Young. They never used any of his criteria of putting the corridor on sand, or being very careful. They just went right on
running rats in the same old way, and paid no attention to the great discoveries of Mr. Young, and his papers are not referred
to, because he didn't discover anything about the rats. In fact, he discovered all the things you have to do to discover something
about rats. But not paying attention to experiments like that is a characteristic of cargo cult science.
Another example is the ESP experiments of Mr. Rhine, and other people. As various people have made criticisms--and they
themselves have made criticisms of their own experiments--they improve the techniques so that the effects are smaller, and
smaller, and smaller until they gradually disappear. All the parapsychologists are looking for some experiment that can be
repeated--that you can do again and get the same effect--statistically, even. They run a million rats no, it's people this
time they do a lot of things and get a certain statistical effect. Next time they try it they don't get it any more. And now
you find a man saying that it is an irrelevant demand to expect a repeatable experiment. This is science?
This man also speaks about a new institution, in a talk in which he was resigning as Director of the Institute of Parapsychology.

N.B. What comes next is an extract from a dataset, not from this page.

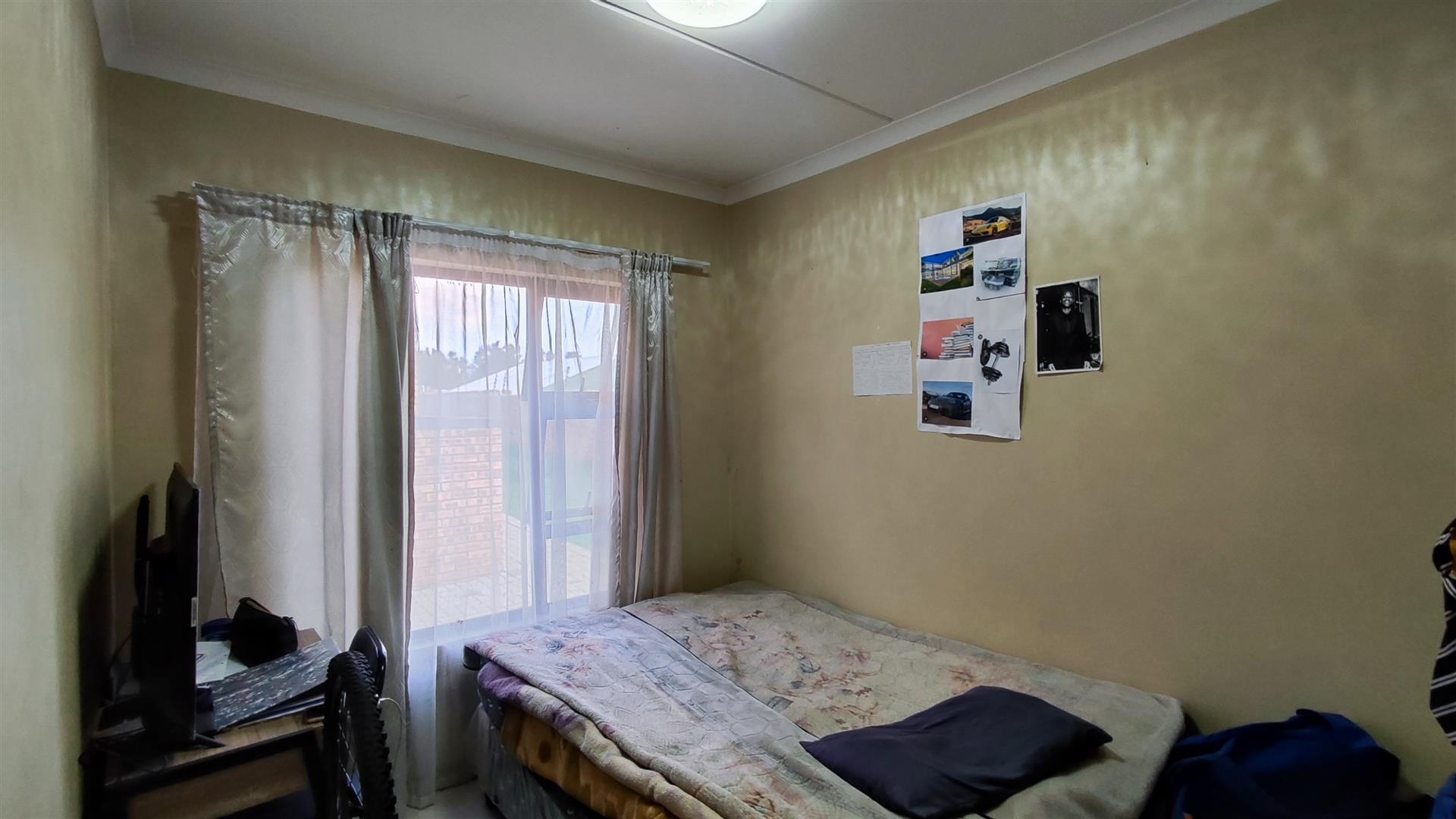 Bed Room 2 - 9 square meters of property in Cloverdene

And, in telling people what to do next, he says that one of the things they have to do is be sure they only train students
who have shown their ability to get PSI results to an acceptable extent-- not to waste their time on those ambitious and interested
students who get only chance results. It is very dangerous to have such a policy in teaching--to teach students only how to
get certain results, rather than how to do an experiment with scientific integrity.
So I have just one wish for you--the good luck to be somewhere where you are free to maintain the kind of integrity I have
described, and where you do not feel forced by a need to maintain your position in the organization, or financial support,
or so on, to lose your integrity. May you have that freedom.